Foreign Currency Risk

 

Our non-US dollar monetary assets and liabilities (net liabilities of approximately $2.7 million) in Israel at our DSIT subsidiary are exposed to fluctuations in exchange rates. Our non-US dollar monetary liabilities in Australia from residual activities at our GridSense subsidiary are not material. At times, our DSIT subsidiary enters into various hedging contracts which do not qualify as hedging instruments under accounting principles to try to mitigate its foreign currency exposure risks. At June 30, 2015, DSIT entered into forward contracts (through September 2015) to sell U.S. dollars (approximately $400,000 per month at a weighted average exchange rate of 3.88 NIS/$1.00). Furthermore, approximately $5.7 million of our backlog of projects are contracts and orders that are not denominated in US dollars.

 

Concentrations of Credit Risk

 

Financial instruments, which potentially subject us to concentrations of credit risk, consist principally of cash and cash equivalents, restricted deposits, trade receivables and unbilled revenue.
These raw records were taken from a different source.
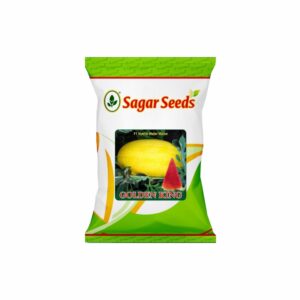Sagar golden king (yellow) F-1 Hybrid Watermelon Seeds (50 GM)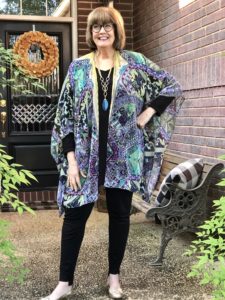 Pamela Lutrell's work from home Chico's style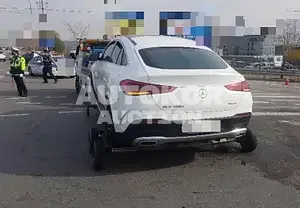 2020, Mercedes-Benz / GLE 400, VIN: W1NFD2DB9LA279901, 15000 км., diesel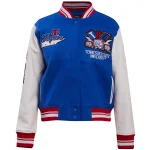 Tennessee State Tigers Women's Homecoming Wool/Leather Jacket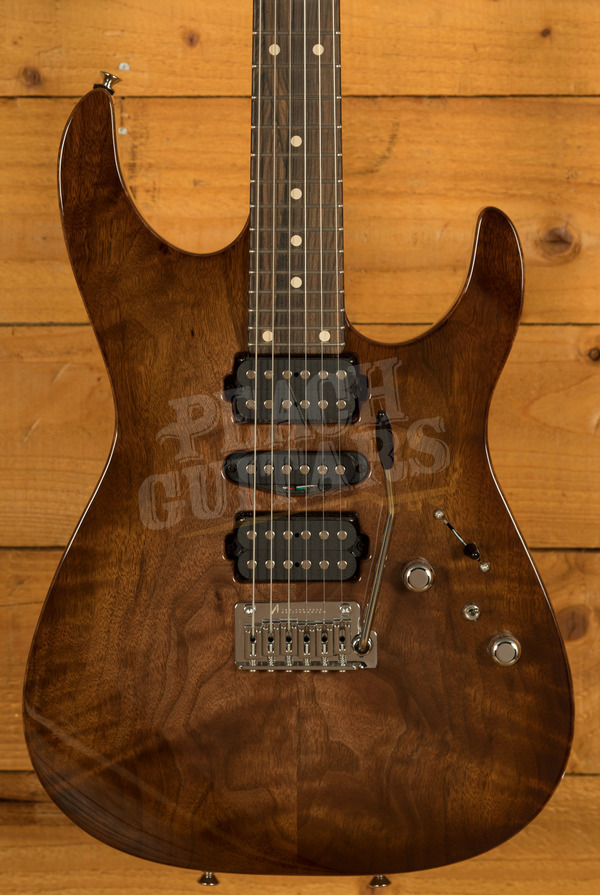 Tom Anderson Angel Hollow | Light Tobacco Shaded Edge w/Binding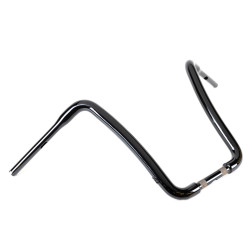 PartzBiz HD hb3005016b - Factory 47 Vicla Ape Hanger Handlebars 16” 1-1/2” Black Harley Softail FLHR PartzBiz HD hb3005016b - Factory 47 Vicla Ape Hanger Handlebars 16” 1-1/2” Black Harley Softail FLHR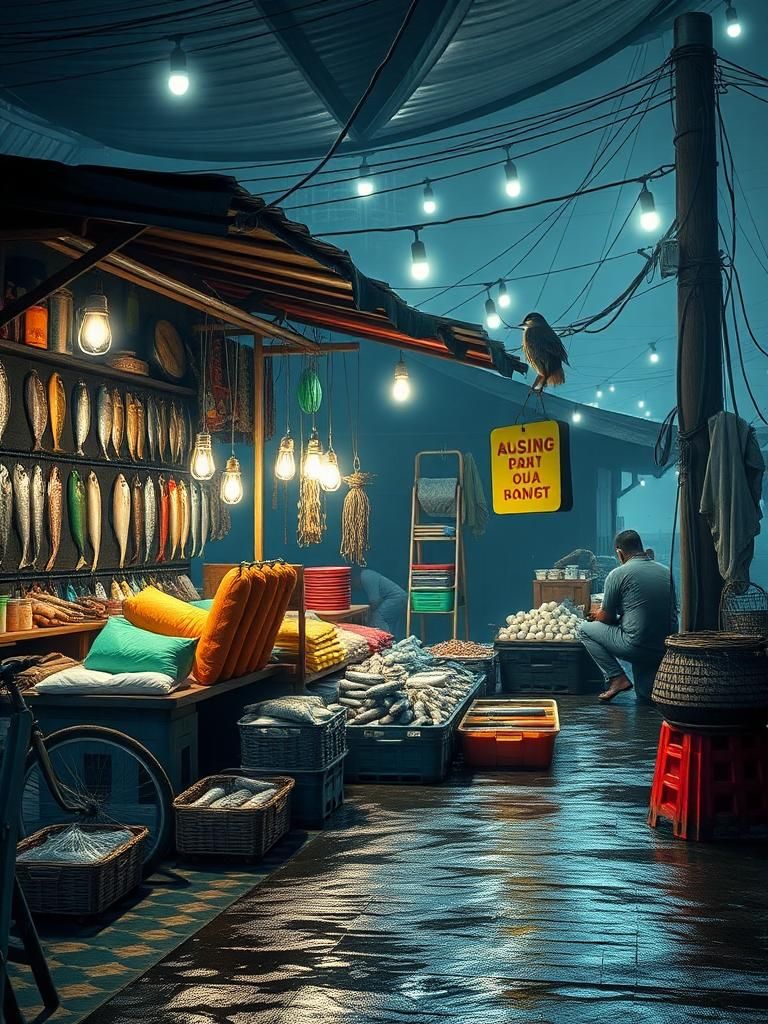 Kedai Pancing Terbaik di Kuah untuk Penggemar Memancing
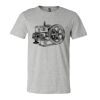 3001CV Unisex Short Sleeve Heather Jersey Tee Thumbnail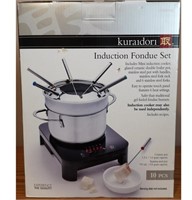 Kuraidori Induction Fondue Set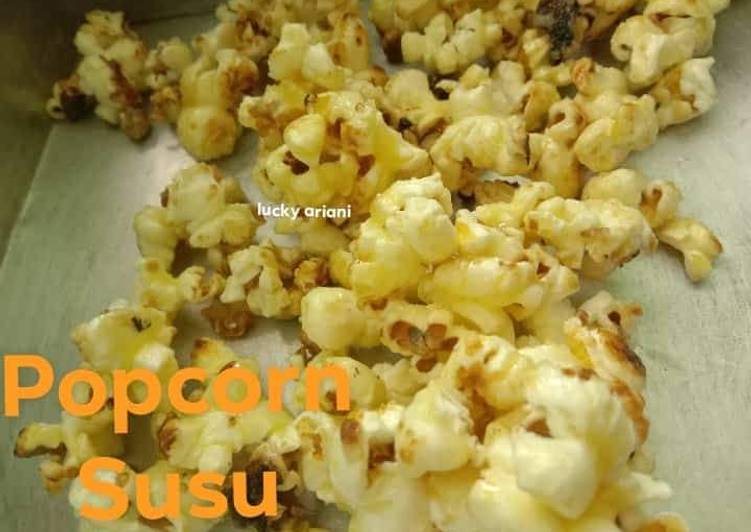 Popcorn susu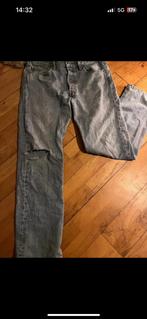 Levi's broek, vaak gedragen., Ophalen, Gedragen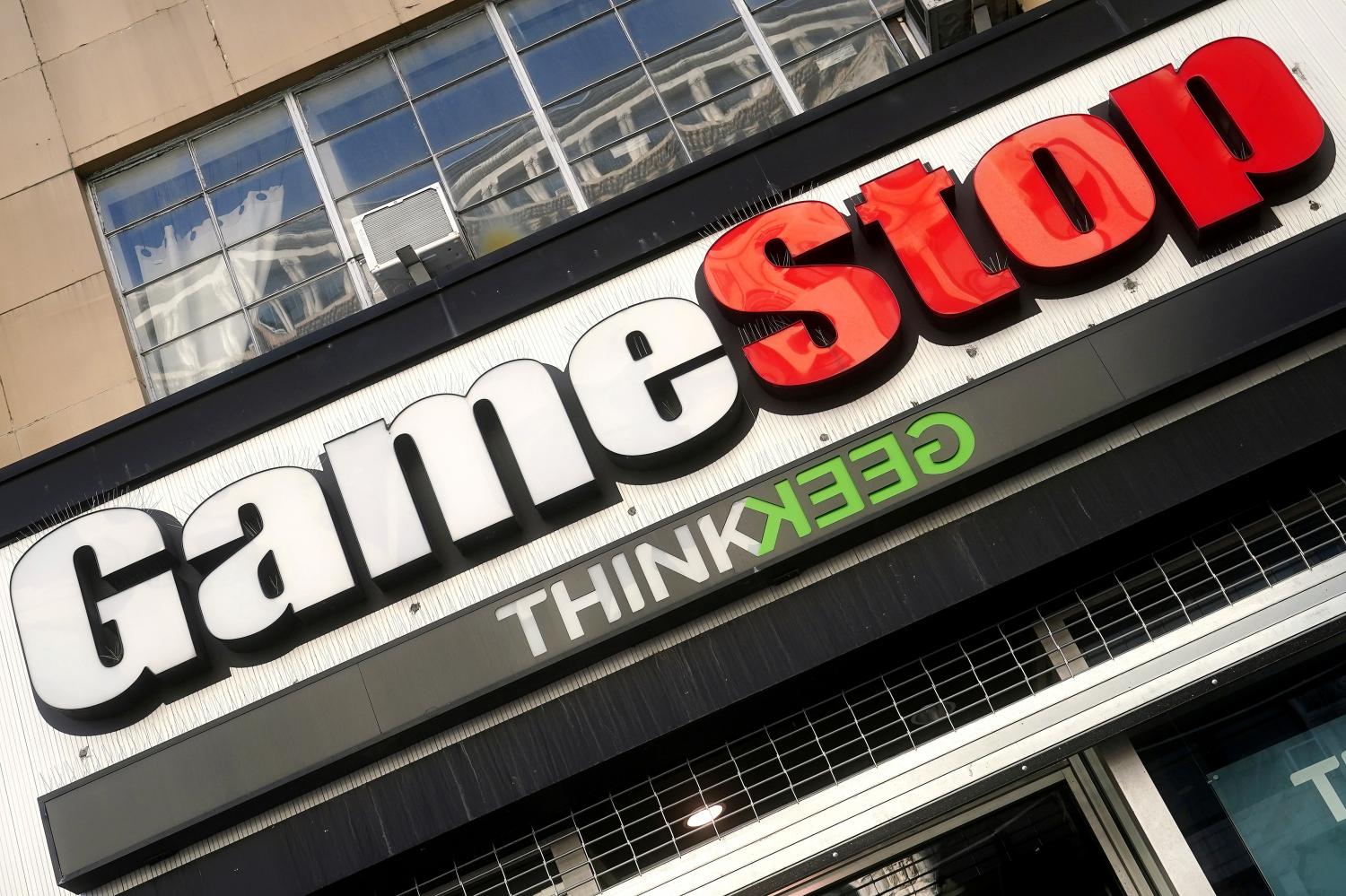 A GameStop store is pictured in the Manhattan borough of New York City, New York, US. REUTERS A GameStop store is pictured in the Manhattan borough of New York City, New York, US. REUTERS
The counterparties to a significant portion of our cash and cash equivalents ($0.7 million) and restricted deposits ($7.4 million) in continuing operations are two major Israeli banks. We do not believe there is significant risk of non-performance by these counterparties. Approximately 45% ($1.8 million) of the trade accounts receivable at June 30, 2015 was due from two customers that pay over usual credit periods. Credit risk with respect to the balance of trade receivables is generally diversified due to the number of entities comprising our customer base. Approximately 55% ($4.1 million) of the balance in unbilled revenue at June 30, 2015 was due from two customers that have historically paid their trade receivables over usual credit periods. Credit risk with respect to the balance of unbilled revenue is generally diversified due to the number of entities comprising our customer base.

 

Fair Value of Financial Instruments

 

Fair values of financial instruments included in current assets and current liabilities are estimated to approximate their book values due to the short maturity of such investments.

 

Interest Rate Risk

 

In the normal course of business, we are exposed to fluctuations in interest rates on our lines-of-credit ($2.4 million available; all of which was being used at June 30, 2015) to finance our operations in Israel. The interest rate of one of our lines-of-credit interest is linked to the Israeli prime rate (1.75% at December 31, 2014 and 1.6% at June 30, 2015).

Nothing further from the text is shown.